2018-09-02 03:31:46 +0000 2018-09-02 03:31:46 +0000
1
1

Liquor before beer never fear

Powszechne powiedzenie “piwo przed piwem nigdy nie jest chore, a likier przed piwem nie ma strachu” zawsze skłaniało mnie do zastanowienia, dlaczego tak jest? Co kryje się za tym nauka?

Odpowiedzi (2)

6
6
6
2018-09-07 20:07:26 +0000

Nigdy nie słyszałem o tym powiedzeniu (nie jestem rodowitym Anglikiem), ale zabawne jest to, że w języku niderlandzkim jest podobne powiedzenie, z wyjątkiem wina zamiast trunku i na odwrót: “wijn na bier jest plezier, bier na wijn jest venijn”. Z grubsza przekłada się to na “wino za piwem to zabawa, piwo za winem to trucizna”. Czytałem kiedyś wywiad z toksykologiem na ten temat i według niego kolejność, w jakiej piłeś, nie robiła żadnej różnicy.

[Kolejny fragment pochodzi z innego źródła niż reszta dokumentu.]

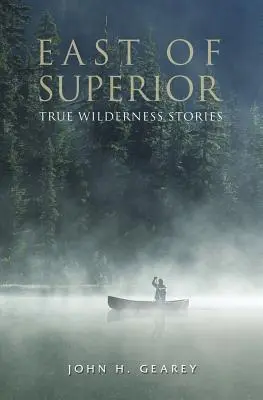 Al este del Superior: Historias reales de tierras vírgenes - East of Superior: True Wilderness Stories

Jedno z wyjaśnień, które słyszałem, brzmiało, że w dawnych czasach piwo było napojem biednych ludzi, podczas gdy wyższa klasa piła wino. Jeśli więc przechodziłeś od piwa do wina, awansowałeś w społeczeństwie, a na odwrót oznaczało to, że stawałeś się uboższy. Tak więc, tak naprawdę nie jest to odpowiedź na twoje pytanie, ale może istnieć podobne, nie do końca związane z alkoholem wyjaśnienie tego wyrażenia.

3
3
3
2018-09-02 15:00:08 +0000

Podejrzewam, że nie kryje się za tym żadna nauka i że powiedzenie to jest czymś podobnym do opowieści starej żony, czymś często opowiadanym na nowo, ale tak naprawdę nie naukowo dokładnym.

Może się zdarzyć, że ludzie, którzy zaczynają od piwa, a kończą na trunku, czasami chorują, ponieważ wyluzują się z brzęczeniem piwa i zaczynają pić alkohol zbyt szybko. Nie ma jednak powodu, dla którego kolejność tych dwóch alkoholi musi mieć taki skutek, jeśli ludzie piją umiarkowaną ilość alkoholu.

I odwrotnie, jeśli skończą z piwem, tempo spożywania alkoholu spada, co oznacza mniejsze prawdopodobieństwo zachorowania. Ale nadal **_mogą zachorować.

W moim doświadczeniu, kiedy byłam młodą pijaczką, było wiele takich powiedzeń. Zazwyczaj tylko rzeczy, które ludzie mówili, brzmiały zabawnie, a nie prawdziwe ostrzeżenia.